Stoichiometry is the area of chemistry that deals with the quantitative relationships between reactants and products in a chemical reaction. It's based on the conservation of mass and the concept that atoms are indivisible in chemical reactions. Stoichiometry allows chemists to predict the amounts of substances consumed and produced in a given reaction.

In the exercise, stoichiometry helps students to translate the mass of reactants into a table of relative atomic masses. By understanding the ratios of volumes reacted, students can construct balanced chemical equations that reflect the stoichiometric relationships. It also facilitates the calculation of actual relative masses, a critical step in understanding the composition of compounds and their interactions in chemical reactions.

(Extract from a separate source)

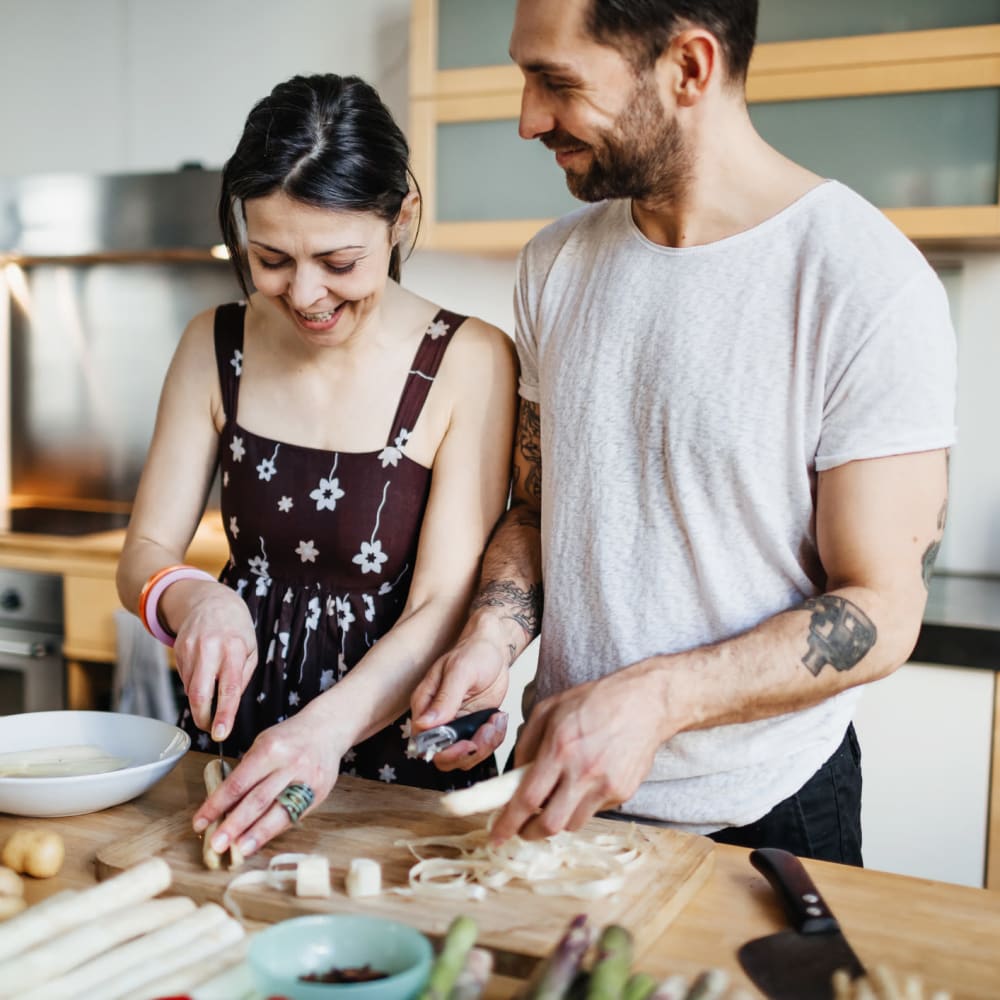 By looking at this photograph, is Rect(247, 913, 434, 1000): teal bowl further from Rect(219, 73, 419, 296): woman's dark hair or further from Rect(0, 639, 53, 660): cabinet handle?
Rect(0, 639, 53, 660): cabinet handle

Law of Multiple Proportions

The law of multiple proportions is a principle of chemistry stating that when elements combine, they do so in ratios of small whole numbers (if you keep one element's mass constant). This is essential when elements can form more than one compound together, like carbon and oxygen forming both carbon monoxide and carbon dioxide.

In the exercise, when we calculate mass ratios and determine the simplest formulas for the products (AB, BC, AC), we're applying the law of multiple proportions. This law guides us when interpreting the volume data and constructing the relative masses table. It helps us understand why 6 volumes of gas A can react with 1 volume of gas B to produce 4 volumes of a product, illuminating the underlying fixed ratio relationships between the elements involved.